だが我愛羅には家事をすること自体には特に不服に思うこともなかった。嫌いでもなければ好きでもない。やりたいわけでもなければやりたくないわけでもなかった。
なのでサクラが苦手だと言うのならば俺がやろうと言ったのは我愛羅にとってはなんともないことであったのだ。
そして我愛羅は、八百屋の亭主から受け取った料理の作り方が書いてあるであろうそれを受け取ったサクラが、頬を染めて喜ぶ姿を見て、ぎゅっと胸が何かに掴まれたように痛んだのを感じた。
ずっと会わずに仕事ばかりの出来損ないの夫である自分の為に、サクラは自分の為にと料理の練習をしてくれていたのだ。
我愛羅はサクラに悟られぬよう、気配を消しながらサクラの真後ろへと近付いた。
「サクラ」
「?!?!がっ!!!.....我愛羅くん!!?」
「ん?.......おやまぁ!!風影様!!」
サクラと亭主は里長の突然の登場に驚くも、一番驚いたのはサクラであった。
今の今まで我愛羅の話をしていたのに、当の本人がまさか突然現れた。
しかも、数ヵ月ぶりである。
「え?!?....は?!....え?!?!」
口をパクパクとさせ、言葉が思うように出てこないサクラに、何故そんなにも驚かれるのかわからなかった我愛羅は、ん?と首を傾げる。
「し、し、し........仕事!!そうよ!!仕事は?!我愛羅くん!!」
「あぁ....息抜きだ。
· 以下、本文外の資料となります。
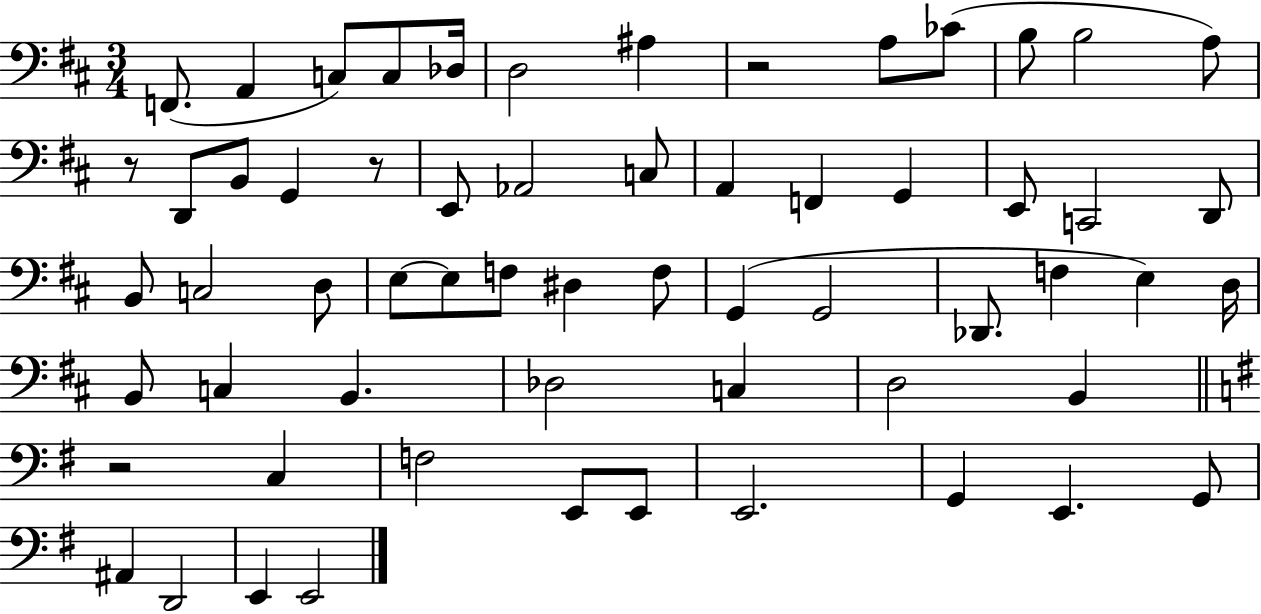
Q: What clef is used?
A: bass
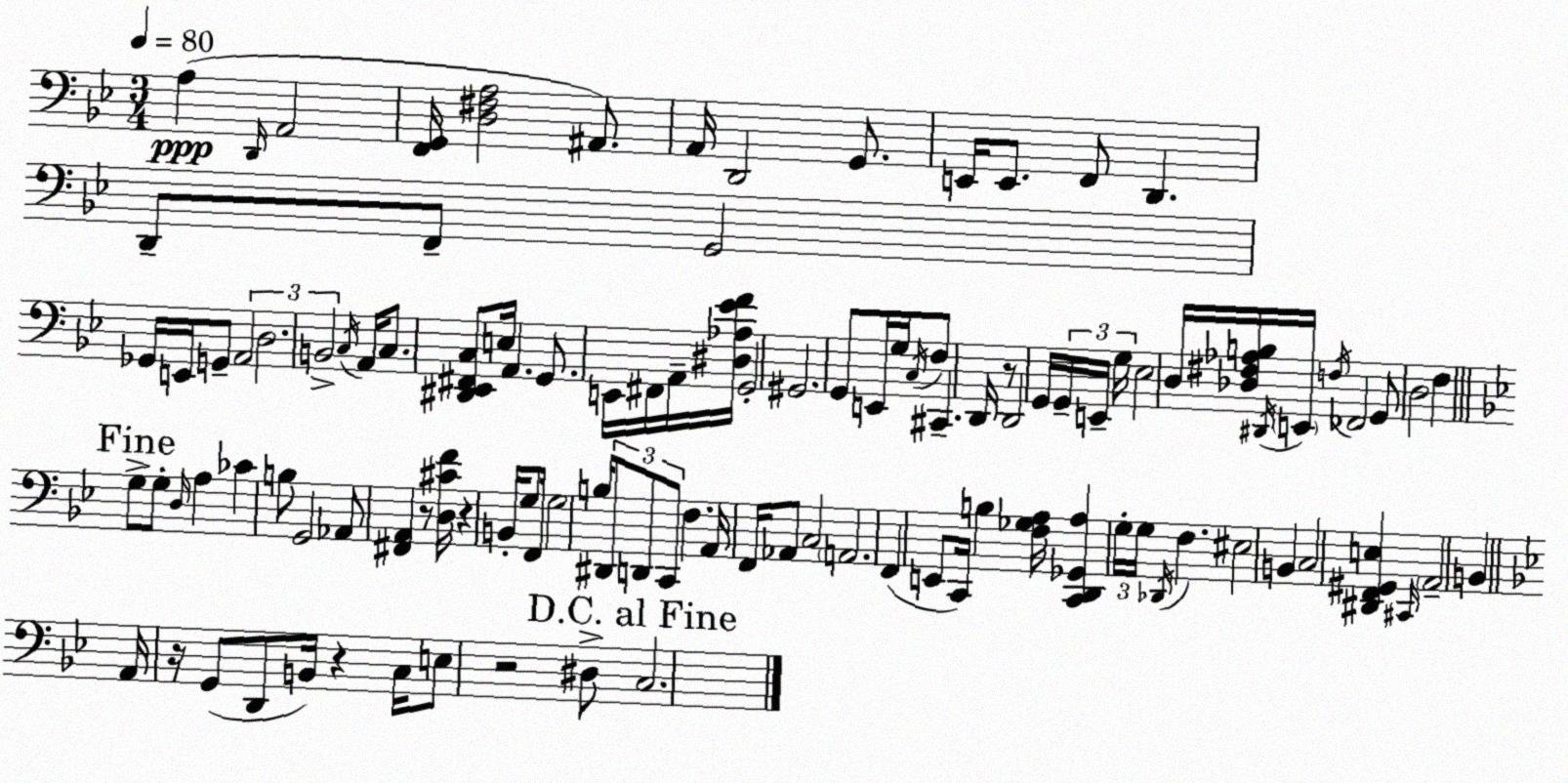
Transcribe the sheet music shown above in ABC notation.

X:1
T:Untitled
M:3/4
L:1/4
K:Gm
A, D,,/4 A,,2 [F,,G,,]/4 [D,^F,A,]2 ^A,,/2 A,,/4 D,,2 G,,/2 E,,/4 E,,/2 F,,/2 D,, D,,/2 F,,/2 G,,2 _G,,/4 E,,/4 G,,/2 A,,2 D,2 B,,2 C,/4 A,,/4 C,/2 [^D,,_E,,^F,,C,]/2 E,/4 A,, G,,/2 E,,/4 ^F,,/4 A,,/4 [^D,_A,_EF]/4 G,,2 ^G,,2 G,,/2 E,,/4 G,/4 C,/4 F,/2 ^C,, D,,/4 z/2 D,,2 G,,/4 G,,/4 E,,/4 G,/4 _E,2 D,/4 [_D,^F,_A,B,]/4 ^D,,/4 E,,/4 F,/4 _F,,2 G,,/2 D,2 F, G,/2 G,/2 D,/4 A, _C B,/2 G,,2 _A,,/2 [^F,,A,,] z/2 [D,^CF]/4 z B,,/4 G,/2 F,,/4 G,2 B,/4 ^D,,/2 D,,/2 C,,/2 F, A,,/4 F,,/4 _A,,/2 C,2 A,,2 F,, E,,/2 C,,/4 B, [F,_G,A,]/4 [C,,D,,_G,,A,] G,/4 G,/4 _D,,/4 F, ^E,2 B,, C,2 [^D,,F,,^G,,E,] ^C,,/4 A,,2 B,, A,,/4 z/4 G,,/2 D,,/2 B,,/4 z C,/4 E,/2 z2 ^D,/2 C,2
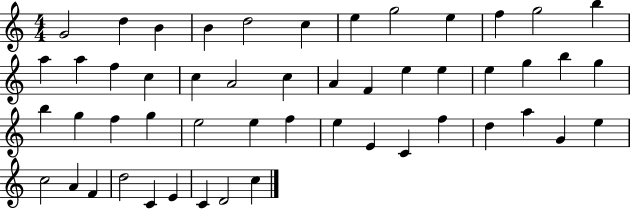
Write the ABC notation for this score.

X:1
T:Untitled
M:4/4
L:1/4
K:C
G2 d B B d2 c e g2 e f g2 b a a f c c A2 c A F e e e g b g b g f g e2 e f e E C f d a G e c2 A F d2 C E C D2 c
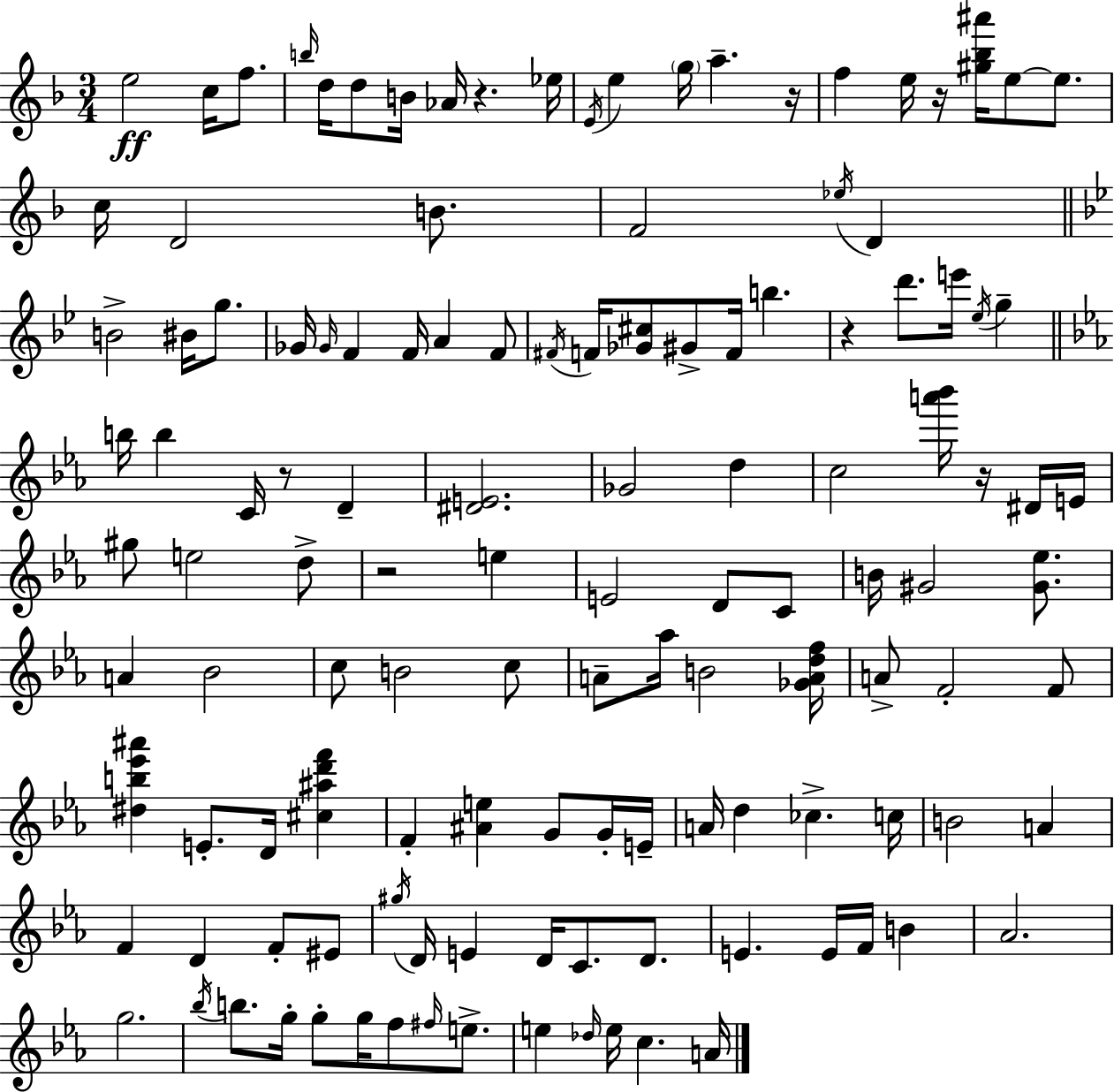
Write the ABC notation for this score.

X:1
T:Untitled
M:3/4
L:1/4
K:F
e2 c/4 f/2 b/4 d/4 d/2 B/4 _A/4 z _e/4 E/4 e g/4 a z/4 f e/4 z/4 [^g_b^a']/4 e/2 e/2 c/4 D2 B/2 F2 _e/4 D B2 ^B/4 g/2 _G/4 _G/4 F F/4 A F/2 ^F/4 F/4 [_G^c]/2 ^G/2 F/4 b z d'/2 e'/4 _e/4 g b/4 b C/4 z/2 D [^DE]2 _G2 d c2 [a'_b']/4 z/4 ^D/4 E/4 ^g/2 e2 d/2 z2 e E2 D/2 C/2 B/4 ^G2 [^G_e]/2 A _B2 c/2 B2 c/2 A/2 _a/4 B2 [_GAdf]/4 A/2 F2 F/2 [^db_e'^a'] E/2 D/4 [^c^ad'f'] F [^Ae] G/2 G/4 E/4 A/4 d _c c/4 B2 A F D F/2 ^E/2 ^g/4 D/4 E D/4 C/2 D/2 E E/4 F/4 B _A2 g2 _b/4 b/2 g/4 g/2 g/4 f/2 ^f/4 e/2 e _d/4 e/4 c A/4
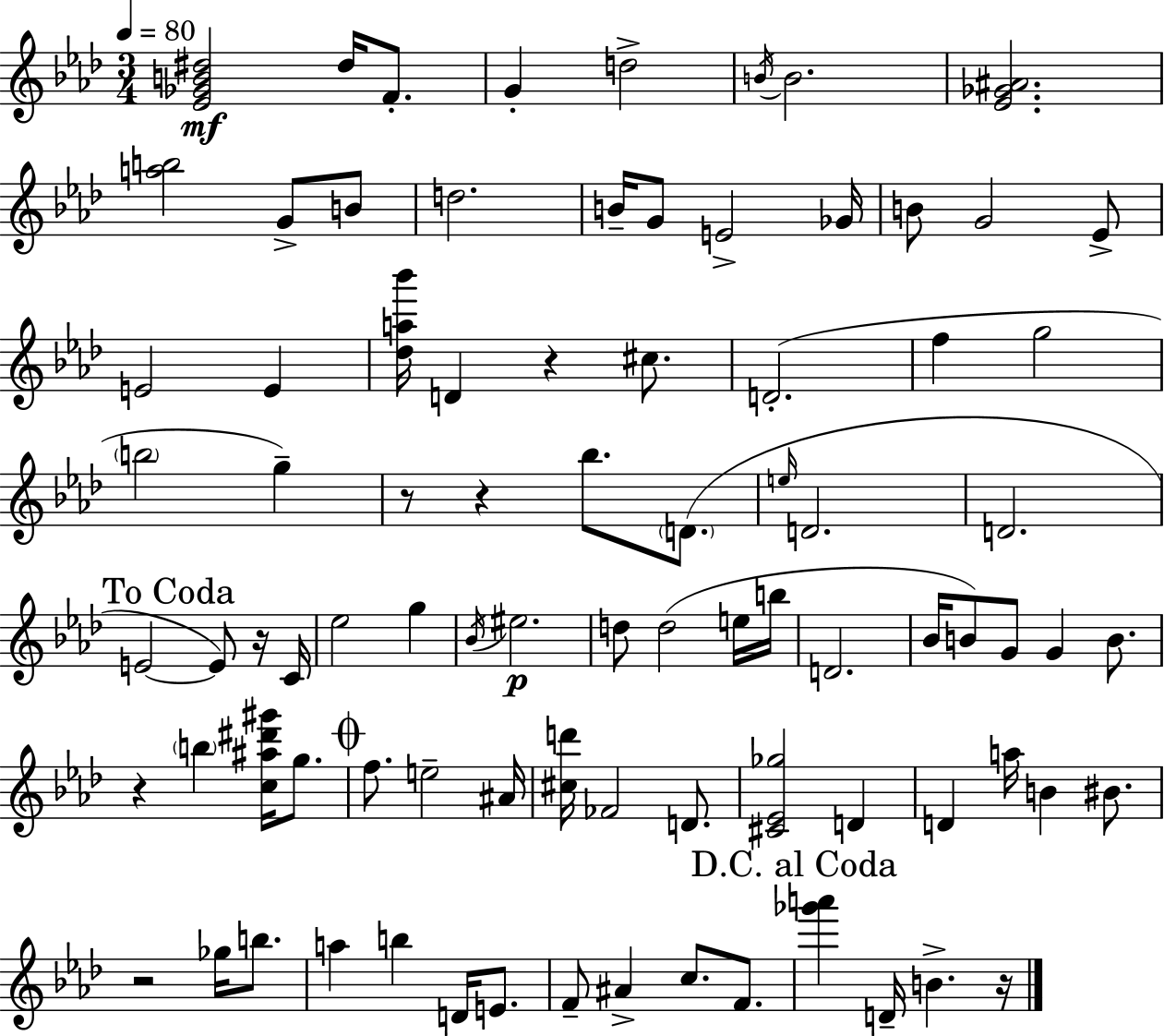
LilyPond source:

{
  \clef treble
  \numericTimeSignature
  \time 3/4
  \key f \minor
  \tempo 4 = 80
  <ees' ges' b' dis''>2\mf dis''16 f'8.-. | g'4-. d''2-> | \acciaccatura { b'16 } b'2. | <ees' ges' ais'>2. | \break <a'' b''>2 g'8-> b'8 | d''2. | b'16-- g'8 e'2-> | ges'16 b'8 g'2 ees'8-> | \break e'2 e'4 | <des'' a'' bes'''>16 d'4 r4 cis''8. | d'2.-.( | f''4 g''2 | \break \parenthesize b''2 g''4--) | r8 r4 bes''8. \parenthesize d'8.( | \grace { e''16 } d'2. | d'2. | \break \mark "To Coda" e'2~~ e'8) | r16 c'16 ees''2 g''4 | \acciaccatura { bes'16 }\p eis''2. | d''8 d''2( | \break e''16 b''16 d'2. | bes'16 b'8) g'8 g'4 | b'8. r4 \parenthesize b''4 <c'' ais'' dis''' gis'''>16 | g''8. \mark \markup { \musicglyph "scripts.coda" } f''8. e''2-- | \break ais'16 <cis'' d'''>16 fes'2 | d'8. <cis' ees' ges''>2 d'4 | d'4 a''16 b'4 | bis'8. r2 ges''16 | \break b''8. a''4 b''4 d'16 | e'8. f'8-- ais'4-> c''8. | f'8. \mark "D.C. al Coda" <ges''' a'''>4 d'16-- b'4.-> | r16 \bar "|."
}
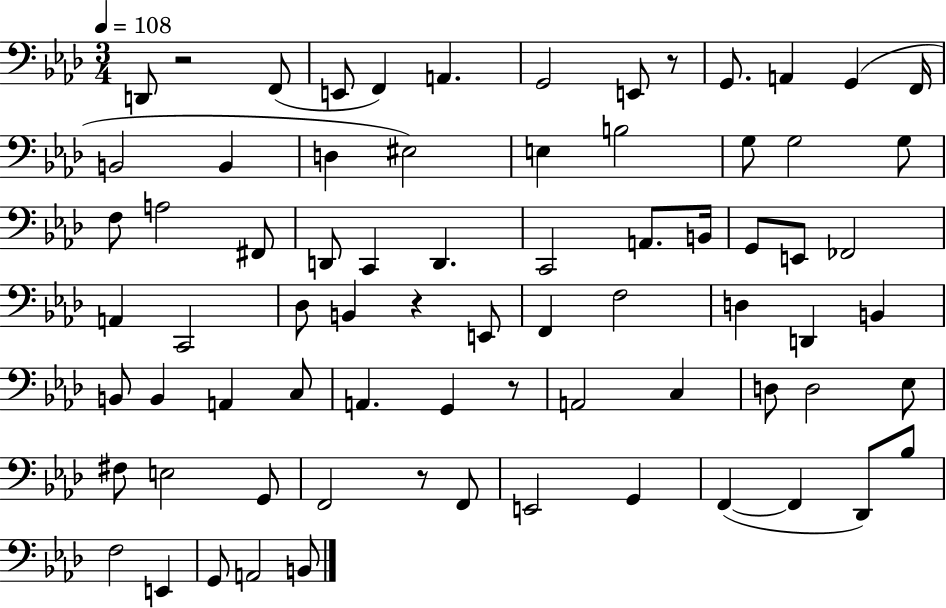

.....で、お前が家にいなかったのでな」
「あ.......あぁ、夕飯の買い出しに....」
「そうか。なら荷物は俺が持とう」
そう言うとサクラから買い物カゴを受け取り、帰るぞとサクラに言うと、もう片方の手でサクラの左手を握る。
「ふぇ?....あ、あぁ....うん....あっ!!おじさん、ありがとうございました!!」
「お熱いねぇ!!また来てなっ!風影様!!サクラ先生!!」
亭主の太陽のように眩しい笑顔で送られ、サクラは我愛羅に手を引かれるまま、まだこの事態がわかっていないまま、我愛羅の進む方向へとついてくしかなかった。